Another type of leukemia is acute lymphoblastic leukemia (ALL), also known as acute lymphocytic leukemia. ALL is characterised by the overproduction and continuous multiplication of malignant and immature white blood cells (also known as lymphoblasts) in the bone marrow. ‘Acute’ refers to the undifferentiated, immature state of the circulating lymphocytes (“blasts”), and that the disease progresses rapidly with life expectancy of weeks to months if left untreated. ALL is most common in childhood with a peak incidence of 4-5 years of age. Children of age 12-16 die more easily from it than others. Currently, at least 80% of childhood ALL are considered curable. Under 4,000 cases are diagnosed every year and the mortality is almost 1,500 a year (American Cancer Society, 2006; and SEER Cancer Statistics Review).
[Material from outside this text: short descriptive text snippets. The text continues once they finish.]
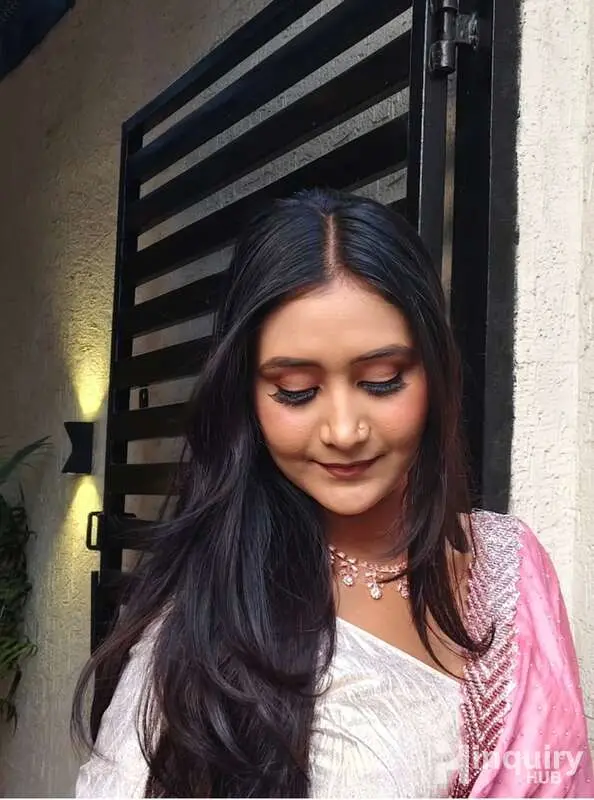 Anchal Glam Hub
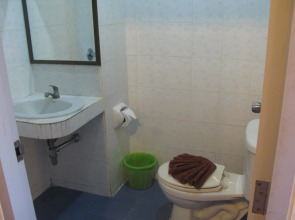 Vech Guesthouse Patong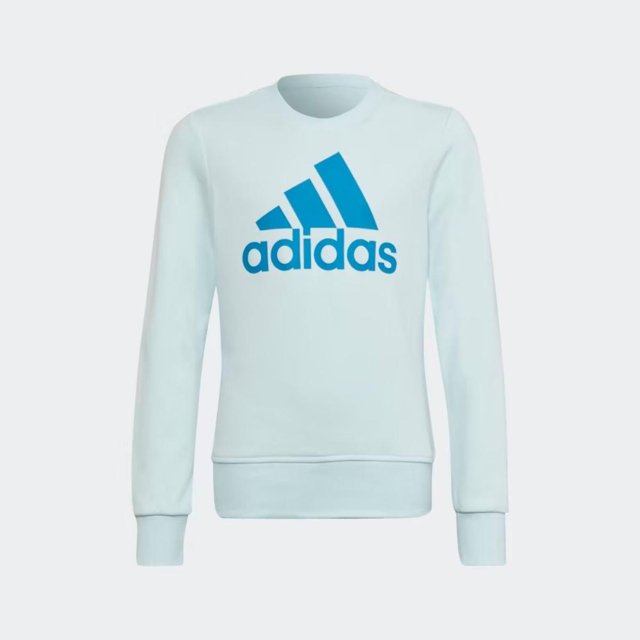 Moletom juvenil sale adidas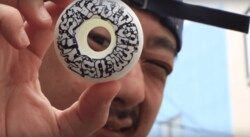 T19所属のスケーター・TANIが手掛けるウィールブランド『USE』にSingoが加入！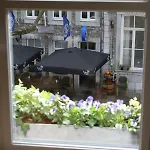 Couette-café Au Lion D'or 3*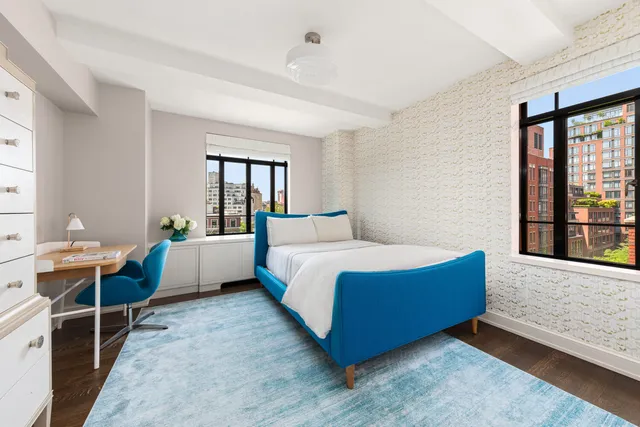 $46,000 | 130 West 12th Street, Unit 9A | West Village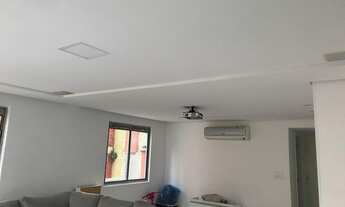 Imagem 5: Apartamento com 3 dormitórios à venda, 139 m² por R$ 450.000,00 - Boa Vista - Recife/PE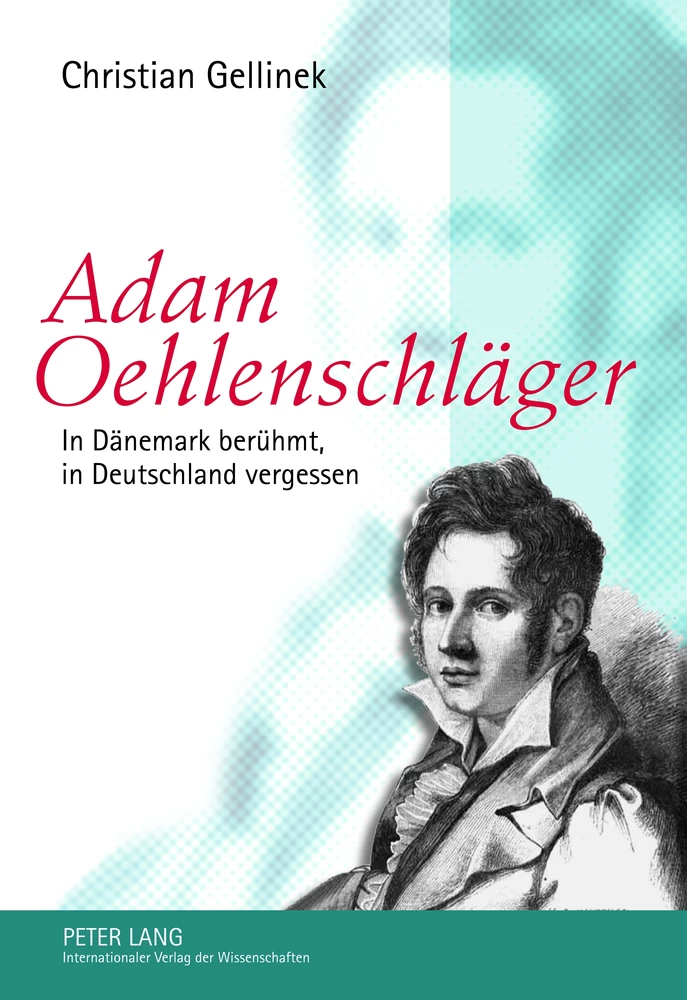 Title: Adam Oehlenschläger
Autoimmunity results from a breakdown of self-tolerance involving humoral and/or cell-mediated immune mechanisms in. Among of the consequences of failure in central and/or peripheral tolerance, are survival and activation of self-reactive B cells and T cells. Examples of autoimmune diseases include, for example, rheumatoid arthritis (RA), systemic lupus erythematosus (SLE or lupus), multiple sclerosis, Sjogren's syndrome, and idiopathic thrombocytopenia purpura (ITP). The pathogenesis of most autoimmune diseases is coupled to the production of autoantibodies against self antigens, leading to a variety of associated pathologies. Autoantibodies are produced by terminally differentiated plasma cells that are derived from naive or memory B cells. Furthermore, B cells can have other effects on autoimmune pathology, as antigen-presenting cells (APCs) that can interact with and stimulate helper T cells, further stimulating the cycle of anti-self immune response. Depletion of B cells can have direct impact on the production of autoantibodies. Indeed, treatment of RA and SLE with B-cell depletion therapies such as Rituxan has been demonstrated to have clinical benefit for both disease classes (Edwards & Cambridge, Nat. Rev. Immunol. 2006; Dass et al., Future Rheumatol. 2006; Martin & Chan, Annu. Rev. Immunol. 2006).
Unfortunately, it is not known a priori which mechanisms of action may be optimal for a given target antigen. Furthermore, it is not known which antibodies may be capable of mediating a given mechanism of action against a target cell. In some cases a lack of antibody activity, either Fv-mediated or Fc-mediated, may be due to the targeting of an epitope on the target antigen that is poor for mediating such activity. In other cases, the targeted epitope may be amenable to a desired Fv-mediated or Fc-mediated activity, yet the affinity (affinity of the Fv region for antigen or affinity of the Fc region for Fc receptors) may be insufficient. Towards addressing this problem, the present invention describes modifications to anti-CD19 antibodies that provide optimized Fv- and Fc-mediated activities. A broad array of applications of these optimized antibodies are contemplated.